From:Nik Taylor <yonjuuni@...>
Date:Friday, January 6, 2006, 18:07
John Vertical wrote:
> I dunno about hostility, but I can understand the annoyance. Imagine if > you had one-thousandth coins instead; would you agree that minting those > would be a complete waste of material and effort? You'd need dozens > before you could spend them on anything. > Now, with pennies, the only difference is that you'll need a ten times > smaller pile before they're worth anything. A single penny is still > essentially government-produced scrap metal by itself... except maybe to > little children, who might be happy to find one on the ground and be > able to go buy one gummibear.
I quite agree that eventually we will have to abandon the penny, I just don't think we're quite there yet.
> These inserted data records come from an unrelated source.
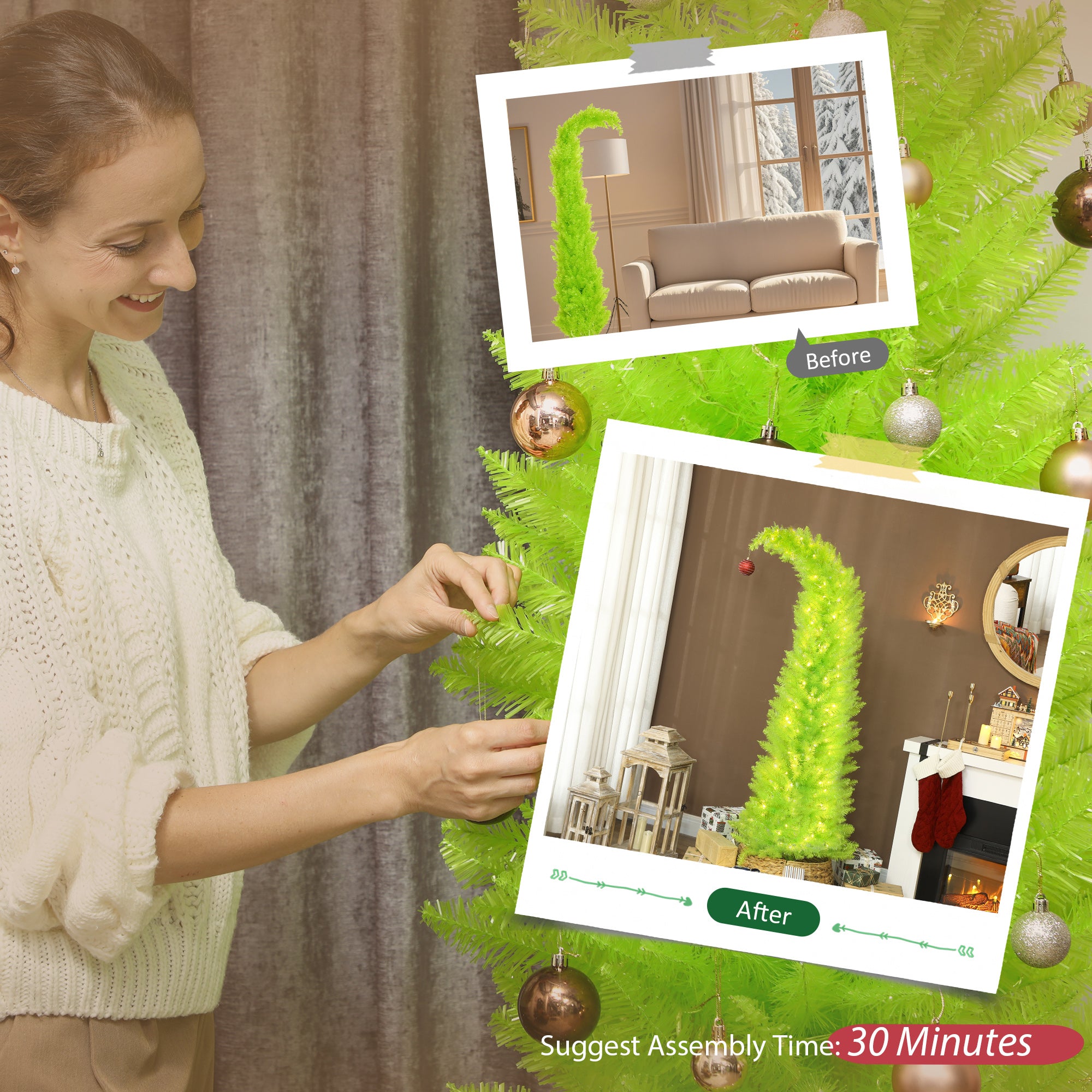 6 ft Whimsical Christmas Tree with Red Ball, Prelit Pencil Artificial Xmas Tree with 555 Branch Tips, 230 LED Lights, Metal Base, Holiday Decor for Home, Office, Green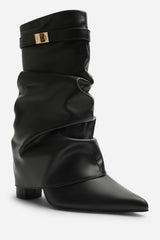 Kylis Ruched Shark Fold Down Calf Boot With Lock Detail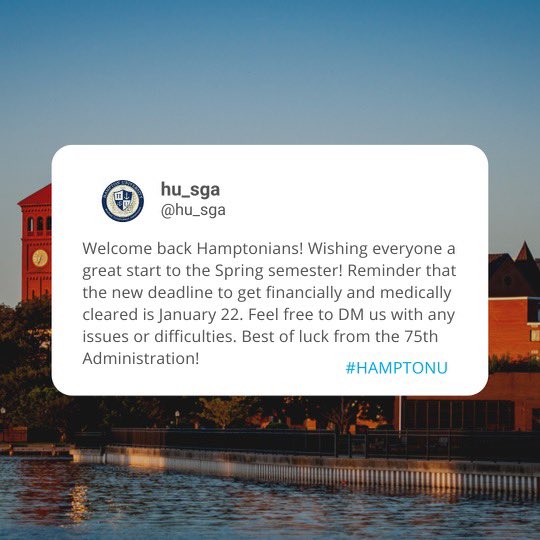 Happy First Day of Classes, Hamptonians!👇🏽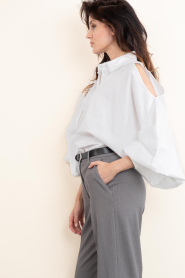 Janice |  Poplin blouse with cut-outs Stone | white | Picture 5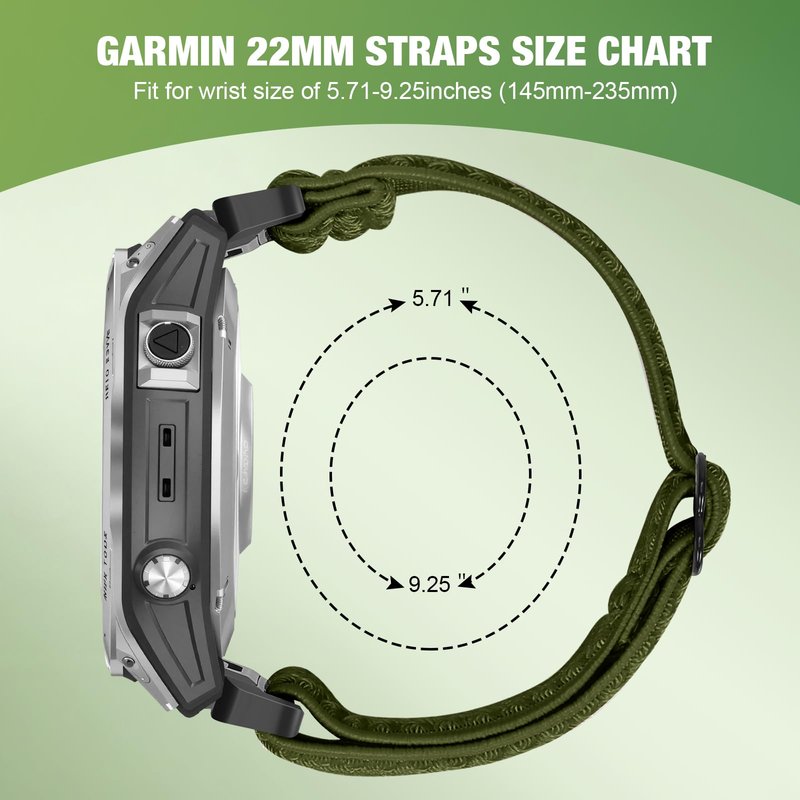 2 Pack Elastic 22mm Watch Quickfit Bands Compatible with Garmin Fenix E 47mm/Fenix 8 47mm/Fenix 7/7 Pro/Fenix 6/6 Pro/Fenix 5/5 Plus, Sport Nylon Replacement Strap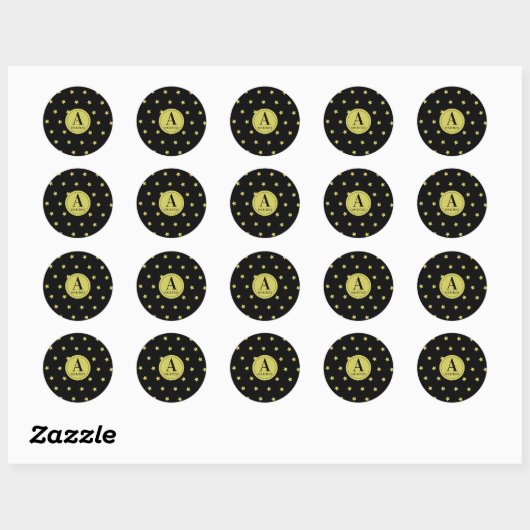 Elegant Gold & Black Star Pattern Monogram Ronde Sticker (Vel)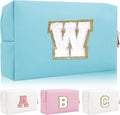 Personalized Initial Letter Patch Makeup Bag, Preppy Portable Chenille Cosmetic Bag with Zipper, PU Leather Waterproof Travel Toiletry Bag Monogram Make Up Pouch for Women Girls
It certainly wouldn't be a problem if we did drop them, I just don't think it's necessary. And they're still useful for charities, which often have boxes by sales registers that people can drop change in. Pennies provide a surprisingly high percentage of the money they take in. I can't remember the figure right now, but I believe it was almost 20%. A mil coin ($.001) would almost certainly be impossible to produce today for less than $.001, but they did exist in earlier times, used primarily for sales tax purposes, at a time when the dollar's purchasing power was less than 10 times its present value, making those coins less valuable than current pennies.
> Hm, here in Finland all displayed prices include the sales tax, so that > problem doesn't exist.
I imagine there's a single nationwide sales tax, though? In the US, many cities have their own sales tax, so it'd be a headache for retailers to have to have different prices in different cities to account for sales tax.